Imagine there was no COVID and we were able to gather together for birthdays and other events. Surely, talk would turn to our various aches and pains, like it did in my family when I was growing up.

While it’s good to know what others are going through, you can’t extrapolate it to your own situation. That’s why you go to a doctor. Just because your buddy got this drug or that surgery doesn’t mean that will work for you.

As with cancer. Some get chemotherapy. Some get radiation. Some get chemo and radiation. Some live 20 years after diagnosis and are still going strong. Some die in a week.

The best we can do is offer encouragement and support. Each of us has our own unique physiology shaped by our genes and our lifestyles. While it may be kind of cool that your buddy goes around with a pig valve in his heart, you might need a pacemaker. That’s just how it is.

I’ve been using a CPAP [continuous positive airway pressure] machine to sleep for the last few years. Though it works well, it’s just very cumbersome and not something I’ve ever actually gotten comfortable with.

There is a new thing now where they implant a battery-powered device in your chest. When you go to bed, you click what looks like a TV remote-control to activate it, causing your tongue to move forward periodically and keep your airway open.

People who have this say it’s way more convenient than CPAP and a lot less intrusive. Downsides are it’s yet another surgery and you can no longer get a chest MRI [magnetic resonance imaging], but I’m looking into it anyway. I’ve always liked robots, so maybe I can become partly like one.

I think we have to realize that getting older involves the body breaking down, no matter what we do. Walking and exercising, eating well, having a good social support system, and keeping active with interesting activities can add years to your life and keep you mentally fit. It’s getting that to mesh with the aching joints, diminished endurance, and potentially awful diseases like cancer and diabetes that takes getting used to.

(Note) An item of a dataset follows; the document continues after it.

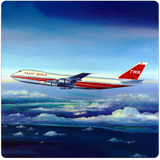 TWA 747 Coaster by Rick Broome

We all read about athletes having surgeries and then coming back to play again. In fact, it happens so often that we take it for granted.

Let me tell you, I for one don’t take it for granted. For my rotator-cuff surgery, I was told not to lift anything heavier than a cup of coffee with my right arm for a month, and then to start physical therapy. It will take at least six months from that point to get back to normal.

That means I had to miss the fall motorcycle riding season, the best time of the year to ride, but what can you do? It’s for the best.

We all have to cope with aging however we best can. I know for me, as long as I have access to a library and all the wonders within — books, movies, newspapers, clubs, and so much more — I’ll be OK.

I don’t care if I won a million dollars; that aspect wouldn’t change for me in the least. If I can start the day with a good newspaper like this one and end it with a good book, I’ll be happy as a flea in a doghouse.

My relatives used to sit and talk about their doctors, medications, and aches and pains all night, and it drove me crazy. I wish they were around now so I could tell them that I finally understand.